Election security has emerged as a key issue in the United States ever since officials found Russia interfered in the 2016 U.S. presidential election with a campaign of hacking and propaganda intended to hurt Hillary Clinton's chances of winning against Donald Trump.
The "D-DOS" attacks that hit multiple state websites on Tuesday render a website temporarily inaccessible by flooding it with inauthentic internet traffic. Such attacks, however, do not affect the casting or counting of ballots, the senior federal official said in a briefing to journalists on condition of anonymity.
"We are aware of possible D-DOS attacks affecting a number of websites for state election offices, campaigns, and partisan organizations," said the official.
"It’s critical to remember that even a successful D-DOS attack does not affect a user’s ability to cast a ballot or have it counted.
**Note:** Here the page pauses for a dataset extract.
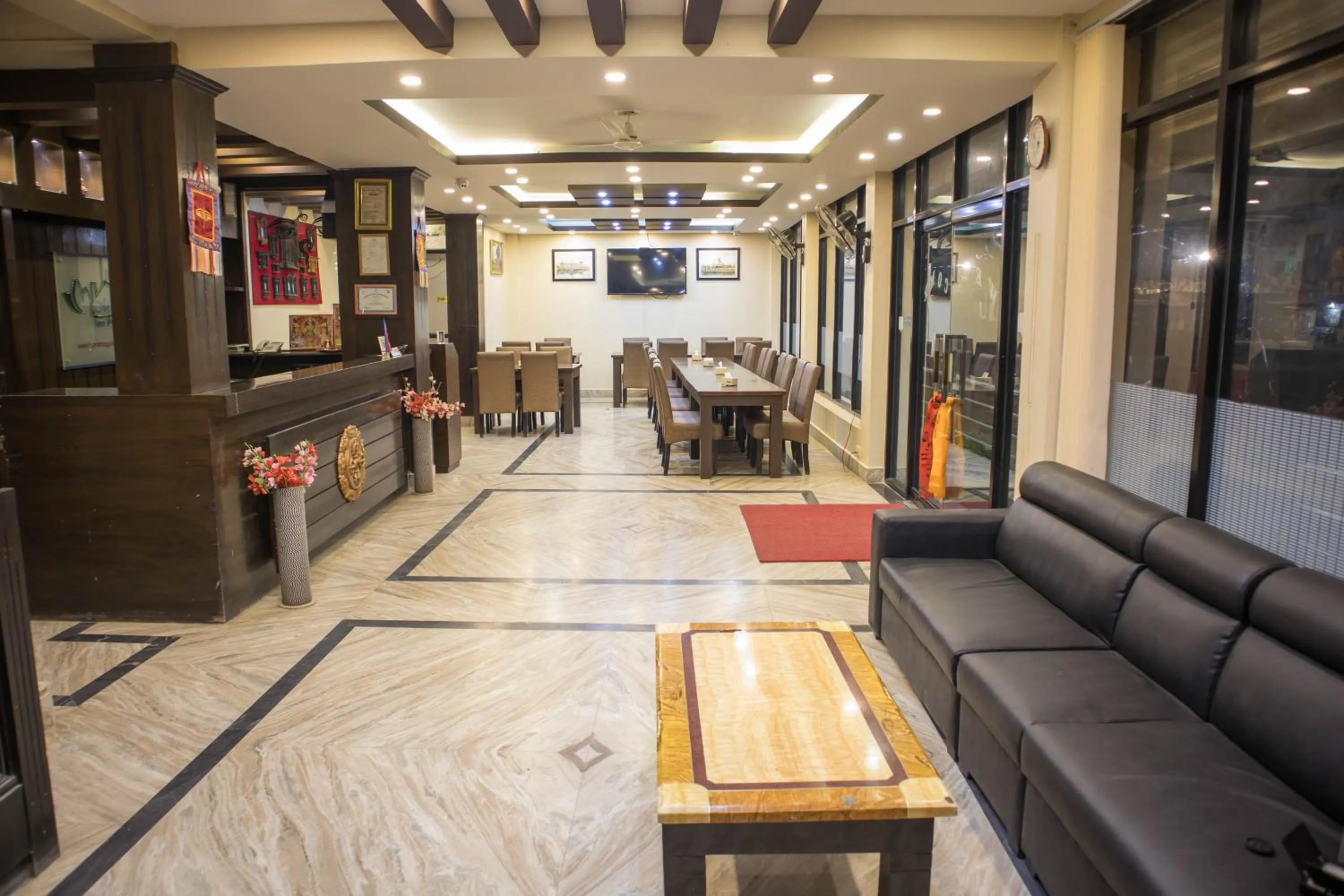 Restaurant/places to eat in Mirage Inn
It only affects the website, so any potential D-DOS attacks should not cast doubt on the security and resilience of the election."
The official said a "handful" of states had been impacted and their websites were restored "relatively quickly."
"While attribution is inherently difficult, we have not seen any evidence to suggest that these are part of a widespread coordinated campaign," the official said.
The office of the county clerk of Champaign, Illinois, said earlier in the day their website had been the target of such attacks for a month, although none had been successful. "No data or information has been compromised and the election is secure," the office told Reuters in a statement.
Mississippi state websites sustained outages due to similar attacks, and the CISA official said the agency was working with local officials there to mitigate the impact.
In Arizona's Maricopa county, local officials were working on fixing malfunctioning electronic voting machines that Trump and his followers falsely claimed was proof of election fraud.
The CISA official said the agency had not seen any evidence of malicious activity in Maricopa.
"To be very clear we have no indication of malfeasance or malicious activity. It is a technical issue and they have resolved it," the official said.
Responding to a question about delays in reporting of election results, the CISA official said: "It's not a delay. It is really just the normal verification process that can take from days to weeks."